Scénariste et réalisateur du film, Zach Braff y interprète également le personnage principal, Andrew Largeman. Ce dernier revient dans sa ville natale pour l’enterrement de sa mère. C’est l’occasion pour lui de retrouver d’anciens camarades, de renouer avec son père et avec son passé, et surtout de faire la connaissance de Sam, une jeune fille espiègle et pleine de vie. Braff développe ici une originalité certaine ainsi qu’un humour efficace, mais sans parvenir à éviter certains pièges. L’ensemble s’avère donc plaisant, mais inégal.
Dans sa forme, Garden State est un film qui cultive plusieurs influences et hésite entre divers styles : la comédie, la comédie dramatique, sans oublier le cinéma indépendant. Doit-on y voir le tâtonnement du premier film ou une réelle volonté de mélange des genres ? Toujours est-il qu’au bout du compte, c’est la comédie qui prime, parfois teintée d’humour noir.
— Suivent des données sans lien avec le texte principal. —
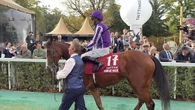 Minnie Hauk loses little in Arc defeat – and looks like being back next year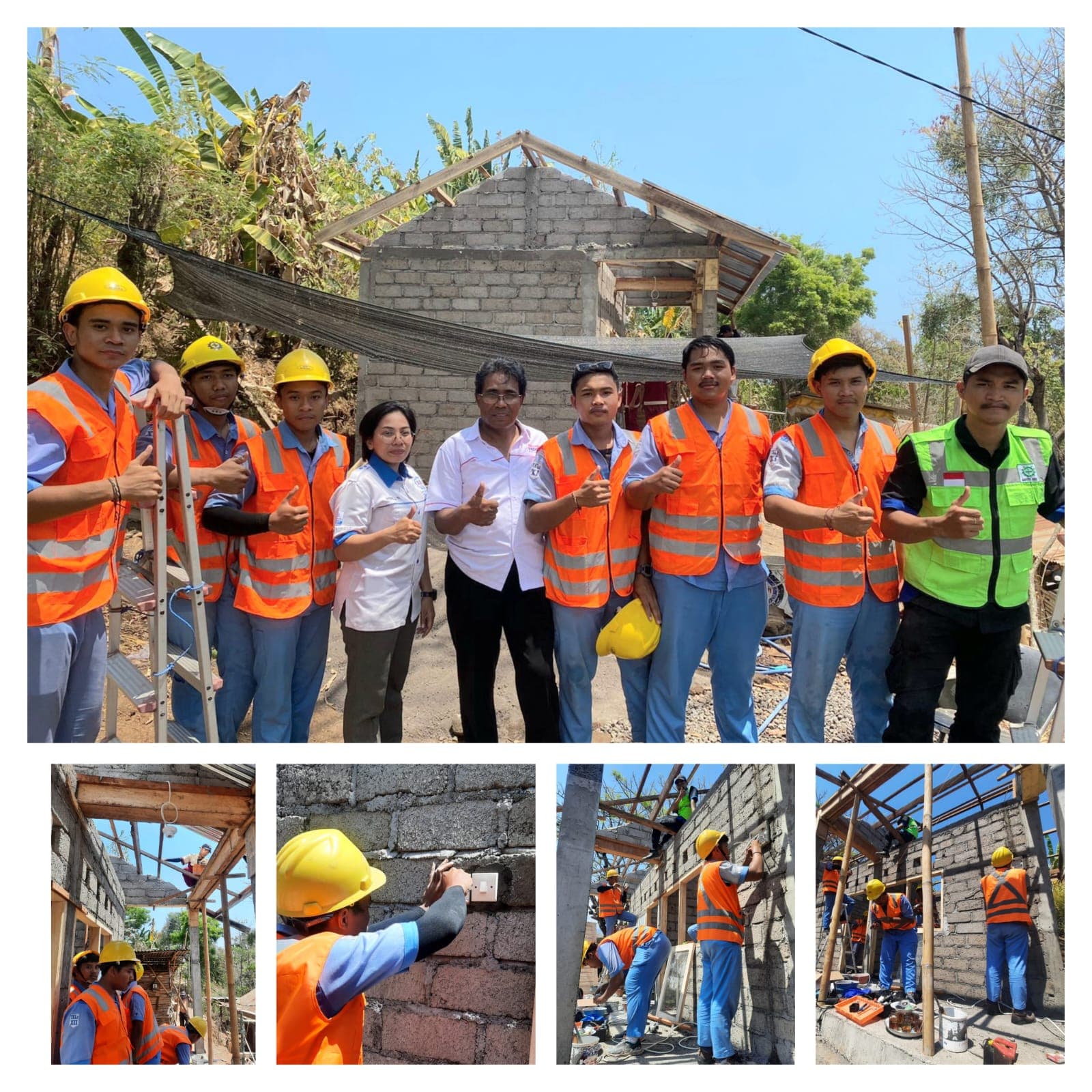 PROGRAM KEAHLIAN TEKNIK KETENAGALISTRIKAN (TKL) DI PROGRAM BEDAH RUMAH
Le personnage d’Andrew est un déprimé chronique responsable du handicap de sa mère. En tant qu’acteur, son rôle le plus remarqué fut celui d’un joueur de football mentalement attardé. Autant de situations qui, sous la plume de Zach Braff, penchent du côté de la comédie. Et c’est là le principal atout du film : créer des situations où se distille un humour parfois grinçant.
Quand Braff joue la carte du décalage, il joue à quitte ou double. Un exemple de réussite est sans doute celui de l’enterrement de la mère. En cet instant solennel, une voix de crécelle s’élève : c’est une parente de la défunte qui lui rend un dernier hommage en interprétant une chanson de Lionel Richie. La caméra qui cadrait jusqu’alors l’assemblée en plan d’ensemble se rapproche de la chanteuse : ses joues maculées de larmes noires de maquillage et son expression dramatisante ne peuvent que provoquer le rire du spectateur. Dans d’autres cas la recette fonctionne un peu moins bien. Quand Andrew est réveillé par des bruits de ferraille, et qu’il découvre un individu en armure moyenâgeuse en train de prendre son petit-déjeuner, le contraste est d’abord drôle et réjouissant. Mais à bien y regarder, l’ajout de cet élément incongru est finalement un peu facile (l’armure n’est autre que la tenue de travail de l’individu en question). Andrew croisera d’autres personnages bizarres, comme l’ancien camarade devenu policier, ou celui qui vit seul dans un immense château. Autant d’exemples qui nous rappellent que l’art du décalage est délicat, et que la frontière entre le rire et le ridicule est parfois très mince.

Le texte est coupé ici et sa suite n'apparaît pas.